Manuel Madego will not be firing up his Friolator on Monday.

The Dominican immigrant, who sells fried meat and cheese pastries from his small cart on Centre Street in Jamaica Plain, will be staying home Monday to protest what he says is this nation's harsh treatment of undocumented immigrants.

Many other businesses on Centre Street will be closed. Like Madego, their owners will be participating in national ''Day Without Immigrants" to call attention to the contributions made by the millions of undocumented immigrants in the labor force.

Across the country, hundreds of thousands of immigrants and their supporters are planning to stay away from work and school, avoid spending money, wear white, and join rallies and prayer vigils. The event is being planned as Congress grapples with the divisive question of illegal immigration.

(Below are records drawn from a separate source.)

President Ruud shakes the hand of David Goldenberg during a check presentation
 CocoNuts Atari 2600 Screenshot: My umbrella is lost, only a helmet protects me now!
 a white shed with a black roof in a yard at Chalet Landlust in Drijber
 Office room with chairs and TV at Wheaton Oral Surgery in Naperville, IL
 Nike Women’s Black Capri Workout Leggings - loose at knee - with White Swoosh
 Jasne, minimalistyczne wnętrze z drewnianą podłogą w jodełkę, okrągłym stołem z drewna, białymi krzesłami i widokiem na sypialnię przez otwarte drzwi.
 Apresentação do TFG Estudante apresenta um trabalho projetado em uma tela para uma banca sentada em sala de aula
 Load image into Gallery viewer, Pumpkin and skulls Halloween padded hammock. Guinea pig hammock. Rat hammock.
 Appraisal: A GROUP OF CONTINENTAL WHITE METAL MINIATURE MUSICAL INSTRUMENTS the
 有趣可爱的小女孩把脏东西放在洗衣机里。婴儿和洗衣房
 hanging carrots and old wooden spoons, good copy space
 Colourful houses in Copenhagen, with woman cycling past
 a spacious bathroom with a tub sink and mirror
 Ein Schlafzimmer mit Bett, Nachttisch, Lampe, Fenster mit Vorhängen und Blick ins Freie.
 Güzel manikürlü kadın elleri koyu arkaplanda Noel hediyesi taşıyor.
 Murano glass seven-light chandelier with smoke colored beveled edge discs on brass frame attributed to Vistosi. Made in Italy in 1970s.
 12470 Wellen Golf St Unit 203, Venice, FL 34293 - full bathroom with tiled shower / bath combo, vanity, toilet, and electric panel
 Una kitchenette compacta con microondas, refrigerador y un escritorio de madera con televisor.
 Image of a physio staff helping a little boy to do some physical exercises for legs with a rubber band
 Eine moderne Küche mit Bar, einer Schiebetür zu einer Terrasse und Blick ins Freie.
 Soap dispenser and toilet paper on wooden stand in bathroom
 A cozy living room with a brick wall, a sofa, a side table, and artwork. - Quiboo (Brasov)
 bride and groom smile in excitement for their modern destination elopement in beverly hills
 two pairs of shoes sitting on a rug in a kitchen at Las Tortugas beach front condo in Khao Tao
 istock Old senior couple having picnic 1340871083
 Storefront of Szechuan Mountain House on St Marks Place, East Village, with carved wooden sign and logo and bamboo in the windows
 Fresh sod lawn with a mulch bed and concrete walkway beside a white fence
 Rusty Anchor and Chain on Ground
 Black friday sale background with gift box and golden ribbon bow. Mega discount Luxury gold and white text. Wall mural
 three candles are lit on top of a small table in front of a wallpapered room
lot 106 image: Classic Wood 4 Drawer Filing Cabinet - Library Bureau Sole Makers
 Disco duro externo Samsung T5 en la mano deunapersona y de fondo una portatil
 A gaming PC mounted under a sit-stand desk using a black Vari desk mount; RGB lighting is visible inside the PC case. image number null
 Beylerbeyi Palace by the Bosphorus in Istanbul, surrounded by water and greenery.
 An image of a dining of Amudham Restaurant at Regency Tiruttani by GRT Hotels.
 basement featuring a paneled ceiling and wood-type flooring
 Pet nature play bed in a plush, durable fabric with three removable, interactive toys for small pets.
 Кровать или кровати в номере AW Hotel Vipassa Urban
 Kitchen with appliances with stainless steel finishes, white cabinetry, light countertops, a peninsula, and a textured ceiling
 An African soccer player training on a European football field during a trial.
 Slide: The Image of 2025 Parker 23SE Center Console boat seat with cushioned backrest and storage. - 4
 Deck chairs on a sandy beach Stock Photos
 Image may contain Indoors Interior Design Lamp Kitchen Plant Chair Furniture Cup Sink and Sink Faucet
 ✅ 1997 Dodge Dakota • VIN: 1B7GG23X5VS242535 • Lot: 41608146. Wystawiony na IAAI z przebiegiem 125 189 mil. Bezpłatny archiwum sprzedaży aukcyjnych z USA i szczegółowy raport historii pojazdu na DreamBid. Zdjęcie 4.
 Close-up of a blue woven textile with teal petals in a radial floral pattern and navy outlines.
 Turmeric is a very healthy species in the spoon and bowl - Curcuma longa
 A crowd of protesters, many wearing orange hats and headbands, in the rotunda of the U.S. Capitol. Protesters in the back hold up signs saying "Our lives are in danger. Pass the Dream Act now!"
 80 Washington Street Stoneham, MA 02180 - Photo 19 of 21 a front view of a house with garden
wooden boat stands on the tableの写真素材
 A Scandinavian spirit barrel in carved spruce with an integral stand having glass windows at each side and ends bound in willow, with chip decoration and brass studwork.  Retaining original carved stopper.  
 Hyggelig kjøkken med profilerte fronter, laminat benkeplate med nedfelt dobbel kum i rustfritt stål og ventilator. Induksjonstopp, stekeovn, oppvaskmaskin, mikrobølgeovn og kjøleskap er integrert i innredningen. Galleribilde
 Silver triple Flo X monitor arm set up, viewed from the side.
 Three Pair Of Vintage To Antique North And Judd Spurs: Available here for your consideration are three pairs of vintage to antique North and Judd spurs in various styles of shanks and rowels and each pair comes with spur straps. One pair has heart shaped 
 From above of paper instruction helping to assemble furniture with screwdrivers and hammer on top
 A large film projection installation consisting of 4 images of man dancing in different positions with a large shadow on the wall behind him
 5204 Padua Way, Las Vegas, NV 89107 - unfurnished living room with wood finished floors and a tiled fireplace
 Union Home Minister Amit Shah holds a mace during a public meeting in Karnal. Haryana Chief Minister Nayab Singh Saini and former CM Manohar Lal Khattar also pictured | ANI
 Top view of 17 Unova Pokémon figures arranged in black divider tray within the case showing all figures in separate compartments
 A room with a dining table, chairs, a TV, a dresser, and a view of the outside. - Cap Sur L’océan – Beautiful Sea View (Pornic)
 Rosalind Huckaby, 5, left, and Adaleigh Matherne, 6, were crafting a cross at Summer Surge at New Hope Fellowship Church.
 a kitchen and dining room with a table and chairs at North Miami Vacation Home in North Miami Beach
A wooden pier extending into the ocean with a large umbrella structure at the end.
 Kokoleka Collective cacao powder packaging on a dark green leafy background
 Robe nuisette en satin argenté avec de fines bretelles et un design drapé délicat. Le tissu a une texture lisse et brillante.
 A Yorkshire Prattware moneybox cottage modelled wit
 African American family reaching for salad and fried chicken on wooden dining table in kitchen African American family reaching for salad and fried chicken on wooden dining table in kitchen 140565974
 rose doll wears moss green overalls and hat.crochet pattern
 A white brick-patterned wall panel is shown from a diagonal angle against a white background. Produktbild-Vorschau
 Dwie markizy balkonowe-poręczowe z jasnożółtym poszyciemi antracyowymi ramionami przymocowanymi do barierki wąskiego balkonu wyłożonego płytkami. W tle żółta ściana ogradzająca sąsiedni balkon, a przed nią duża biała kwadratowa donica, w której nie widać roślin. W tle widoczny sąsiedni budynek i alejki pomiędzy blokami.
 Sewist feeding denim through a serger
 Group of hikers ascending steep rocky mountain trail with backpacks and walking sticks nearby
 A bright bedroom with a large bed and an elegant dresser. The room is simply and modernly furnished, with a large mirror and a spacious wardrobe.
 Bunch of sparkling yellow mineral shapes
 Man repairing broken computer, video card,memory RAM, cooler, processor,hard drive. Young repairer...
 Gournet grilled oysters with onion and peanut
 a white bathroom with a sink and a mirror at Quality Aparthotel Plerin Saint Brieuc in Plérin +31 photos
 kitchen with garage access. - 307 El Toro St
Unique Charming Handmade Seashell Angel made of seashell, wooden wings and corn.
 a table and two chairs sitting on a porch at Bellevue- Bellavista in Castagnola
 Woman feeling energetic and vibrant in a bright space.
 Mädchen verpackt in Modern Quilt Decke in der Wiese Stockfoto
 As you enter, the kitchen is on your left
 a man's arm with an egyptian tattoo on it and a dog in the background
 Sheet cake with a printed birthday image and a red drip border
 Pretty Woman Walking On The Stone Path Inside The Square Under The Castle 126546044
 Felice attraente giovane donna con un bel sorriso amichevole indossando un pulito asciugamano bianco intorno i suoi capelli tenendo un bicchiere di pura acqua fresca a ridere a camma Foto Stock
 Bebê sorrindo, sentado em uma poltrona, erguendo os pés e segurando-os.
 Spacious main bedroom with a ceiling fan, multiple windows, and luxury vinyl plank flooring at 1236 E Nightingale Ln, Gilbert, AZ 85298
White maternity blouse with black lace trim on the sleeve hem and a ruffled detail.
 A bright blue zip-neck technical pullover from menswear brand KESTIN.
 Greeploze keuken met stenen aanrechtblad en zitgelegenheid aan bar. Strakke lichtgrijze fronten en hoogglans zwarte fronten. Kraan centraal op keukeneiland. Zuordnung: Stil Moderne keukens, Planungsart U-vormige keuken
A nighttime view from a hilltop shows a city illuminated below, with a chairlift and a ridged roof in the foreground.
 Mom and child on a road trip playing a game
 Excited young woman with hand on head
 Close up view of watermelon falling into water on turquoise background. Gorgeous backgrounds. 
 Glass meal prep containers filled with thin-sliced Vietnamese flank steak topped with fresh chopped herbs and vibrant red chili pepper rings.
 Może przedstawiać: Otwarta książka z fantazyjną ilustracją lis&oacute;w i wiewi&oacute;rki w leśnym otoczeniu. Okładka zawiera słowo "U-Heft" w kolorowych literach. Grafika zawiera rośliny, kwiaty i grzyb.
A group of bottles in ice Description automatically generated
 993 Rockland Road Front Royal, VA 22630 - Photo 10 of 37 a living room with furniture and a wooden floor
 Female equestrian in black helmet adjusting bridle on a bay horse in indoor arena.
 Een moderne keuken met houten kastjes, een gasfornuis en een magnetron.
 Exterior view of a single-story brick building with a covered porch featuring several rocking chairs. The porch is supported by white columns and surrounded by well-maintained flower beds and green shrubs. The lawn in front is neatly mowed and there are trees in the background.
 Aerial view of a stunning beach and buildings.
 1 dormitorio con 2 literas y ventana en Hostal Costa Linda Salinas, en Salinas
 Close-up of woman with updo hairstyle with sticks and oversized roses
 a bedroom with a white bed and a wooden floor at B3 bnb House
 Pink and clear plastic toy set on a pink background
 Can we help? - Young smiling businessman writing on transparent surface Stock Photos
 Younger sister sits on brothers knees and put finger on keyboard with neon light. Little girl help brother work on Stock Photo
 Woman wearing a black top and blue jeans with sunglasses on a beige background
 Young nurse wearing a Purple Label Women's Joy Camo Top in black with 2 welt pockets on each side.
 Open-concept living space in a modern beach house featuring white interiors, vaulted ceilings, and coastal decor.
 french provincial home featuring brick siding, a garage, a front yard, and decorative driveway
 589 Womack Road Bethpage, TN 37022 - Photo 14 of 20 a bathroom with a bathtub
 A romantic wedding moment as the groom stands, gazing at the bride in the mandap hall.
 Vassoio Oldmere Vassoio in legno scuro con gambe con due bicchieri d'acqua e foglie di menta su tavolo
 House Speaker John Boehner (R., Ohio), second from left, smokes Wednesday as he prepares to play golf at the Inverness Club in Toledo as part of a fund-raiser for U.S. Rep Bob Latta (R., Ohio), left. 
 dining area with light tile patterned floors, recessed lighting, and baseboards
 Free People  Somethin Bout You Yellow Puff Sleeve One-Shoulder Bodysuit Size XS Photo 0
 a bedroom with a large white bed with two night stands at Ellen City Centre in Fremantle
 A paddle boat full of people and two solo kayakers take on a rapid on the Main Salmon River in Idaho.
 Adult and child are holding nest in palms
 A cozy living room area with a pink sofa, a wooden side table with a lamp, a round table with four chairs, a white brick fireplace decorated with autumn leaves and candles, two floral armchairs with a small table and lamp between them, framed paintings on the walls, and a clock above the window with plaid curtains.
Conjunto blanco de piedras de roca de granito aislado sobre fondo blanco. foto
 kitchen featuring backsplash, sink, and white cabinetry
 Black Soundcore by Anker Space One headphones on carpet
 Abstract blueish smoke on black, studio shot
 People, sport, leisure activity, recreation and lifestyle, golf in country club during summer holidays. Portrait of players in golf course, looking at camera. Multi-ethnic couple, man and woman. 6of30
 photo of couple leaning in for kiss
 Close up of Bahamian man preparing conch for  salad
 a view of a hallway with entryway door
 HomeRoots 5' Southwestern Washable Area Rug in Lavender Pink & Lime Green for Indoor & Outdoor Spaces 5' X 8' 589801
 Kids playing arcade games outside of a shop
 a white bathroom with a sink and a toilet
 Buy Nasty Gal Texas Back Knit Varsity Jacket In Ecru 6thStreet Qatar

''On that day, we show that America is immigrants," said Madego, a legal immigrant who settled in Boston in 1980. ''I hope white people, black people, Chinese people, everybody comes together on that day."

Despite that excitement, the plan has touched off an intense debate about whether the protest will backfire at a sensitive time in the immigration debate. Some immigrant activists worry that it may undermine a hard-won image of immigrants as tireless workers who come to America seeking only jobs and better lives.

''This is really not the best course," said Jose Quinonez, who runs the California-based BlueLatinos.org, a website for liberal Latinos. ''It undermines our message that we are here to work, here to learn and to achieve the American Dream. And to have this boycott of America kind of contradicts all these ideas that we really want to be part of this society."

In Massachusetts, some immigrant advocacy groups have discouraged workers from taking the day off, unless their boss grants them permission. They say some employers have threatened to fire workers who do not come to work Monday. And they worry that vast absences would erode the image of immigrants as essential to the labor force. There are many other ways to show support for immigrants Monday, they say, and they are urging people to choose the way that is most convenient, and least costly, for them.

''We want as many people as possible to participate in some way, but we are not calling on folks to risk getting fired," said Thomas Keown, spokesman for the Irish Immigration Center in Boston. ''The purpose of the day is not a confrontational day of demands. It is a peaceful way to highlight the contributions of immigrants and the important role they play in the economy and society."

Labor unions, including the AFL-CIO and the SEIU, are discouraging their members from staying home from work, saying such work stoppages are justified only over contractual issues. The Boston Public Schools issued a memo yesterday informing schools that students who take the day off Monday will be considered to have an unexcused absence.

The debate is taking place in an atmosphere of heightened activism among immigrants. On April 10, massive demonstrations for immigrant rights were held in major cities across the nation. Some of those demonstrations were later criticized, because some protesters carried foreign flags.

Organizers say Monday's events will be far more decentralized. In Massachusetts, for example, there will be a press conference with immigrant advocates and business leaders at the State House in Boston, a student walk-out and teach-in at Harvard, a 24-hour prayer vigil in Framingham, and a march to City Hall in Lynn, among many other local events.

Despite the other events, it is the question of whether to stay away from work or school that is setting off the most intense debate.

Jennifer Coto, a senior at East Boston High School, said students there have been talking about what to do for weeks. She said the students have been told they would be punished if they missed school, but said she would be staying home, anyway.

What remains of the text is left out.